MYCELIUM PARACHUTE

Artificial meteorochory

Fungal hyphae grow on surfaces in hairy filamentous structures. These should grow around plant seeds which could not fly by nature and thus enable them to be spread by the wind. Examples are hair- or paragliders like taraxacum seeds.
For this purpose, the plant seeds are coated with a thin layer of substrate, which serves as food for the fungus to form appropriate structures.
The resulting mutualistic flying objects can be used for continuous, autonomous seeding of endangered plant species or contribute to the fertility of wastelands through the soil-opening combination of certain fungal and plant species.

video of Eric’s project
student:
Eric Geißler
project:mutual affairs
year:2021/22

full concept text

Usually the hyphae follow nutrition gradients in the soil but when they reach the surface they can also grow above the ground in fluffy mycelium structures in order to find new nutrition sources. The phenomena about this is that they spread the weight of what they eat into those hairy structures and thus produce layers of lightweight construction.

The length of the hyphae and so the fluffiness of the mycelium depends on various factors. Most significant seems to be the type of the mushroom and the atmosphere around it. In comparison to conventional breathing air the above ground mycelium grows bigger when the concentration of oxygen in the atmosphere is slightly less and the amount of carbon dioxide is higher (see: Ross,P.(2019). Mycelium growth bed (11032982). United States Patent Application).

For my experiments I chose the mushroom Schizophyllum commune with the most luscious mycelium in the BioLab. I wrapped fennel seeds with a very thin layer of substrate made from malt extract and inoculate it with fungi liquid culture. Then I pined them up on needles in order to enable growth in most possible directions and put them in a closed box with distilled water to provide high humidity. The best growth results happened in the incubator at 29°C.

Up to two weeks of growth, the mushroom is fed just by the nutrition of the substrate layer until it starts to assimilate the outer layers of the fennel seed. It’s fascinating how big and fluffy the mycelium gets within that time. The result is a short living parachute for the seed.

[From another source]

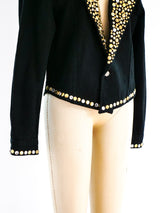 Studded Black Denim Jacket Jacket arcadeshops.com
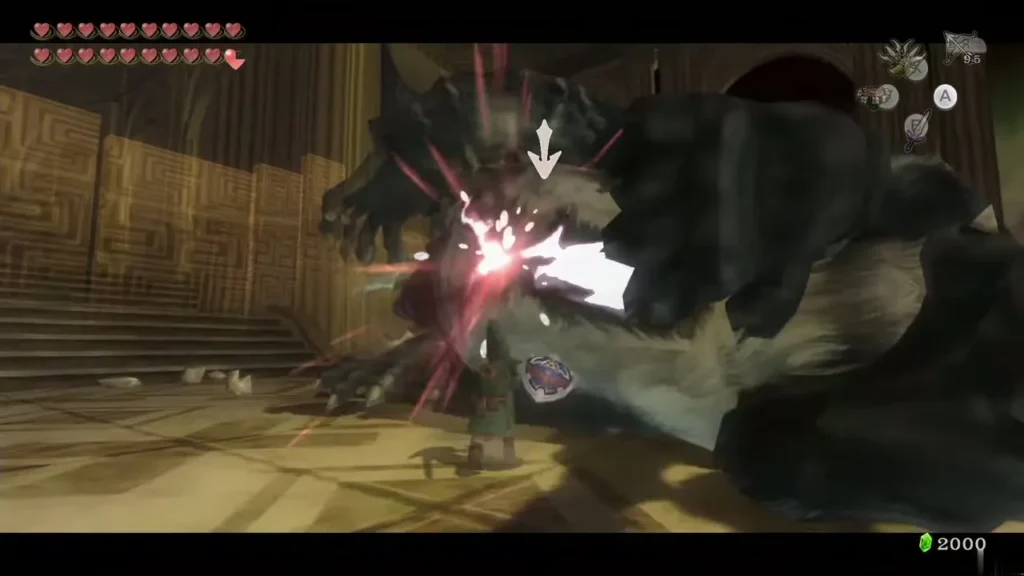 Link's sword striking the underside of Dark Beast Ganon in a burst of light Link's sword striking the underside of Dark Beast Ganon in a burst of light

Threatened plant species could benefit from the autonomous and continuous dispersal of their seeds by the wind. Nature can be quite hostile to life also during the optimal seeding period, depending on the weather conditions. A permanent flow of seeds increases the chance for an organism to sprout in it’s individual best fitting conditions. Furthermore the mycelium could help the seedling as a protective coat or, when dying as a fertile soil. When we think of mycorrhiza mushrooms as partner for the seedling, even a mutualistic relationship between the plant and the mushroom is thinkable. Another use case could be the fertilization of wasteland like desertificated areas, salinated lands or brownfields. Therefore the soil building effect of both organisms could be helpful: While mushrooms could open up minerals, plants could mechanically open the ground with their roots. Former mining wastelands got soil without hummus, which is heavily agitated and compacted or even contaminated. In this case small-grained legumes bind the nitrogen from the air and thus make the soil sustainably fertile when they rot again. Some mushrooms are able to do break down stubborn chemicals (mykoremediation).




Different breeding concepts for the mycelium parachute could be thinkable: One concept is the “SeedGun”, which breeds the parachutes around the seeds and set them in the flow of the wind totally autonomously. While the mycelium is growing bigger in a constant airflow, the object is rising in the cylindric tube until it’s got soaked out of the device when the wind is right. The streamlined outlet is rotatable and follows the direction of the wind. The device could be set up as a fleet in barren areas, reminiscent of wind turbine farms. Another option is to grow the flying objects on PTFE or mesh mats, harvest them afterwards and sow them by a drone using the broad spreading effect of the parachutes: A few flights over a big area should be enough rather than sow every seed with a gunshot, as is done by drones seeding treeseeds.

Or imagine a snow canon like machine is blasting the objects much further than seeds without the mycelium parachute. For intercropping periods between profitable harvests such a cannon, packed on a trailer, could seed an entire field with clover which would take maybe just one than 20 tractor trips.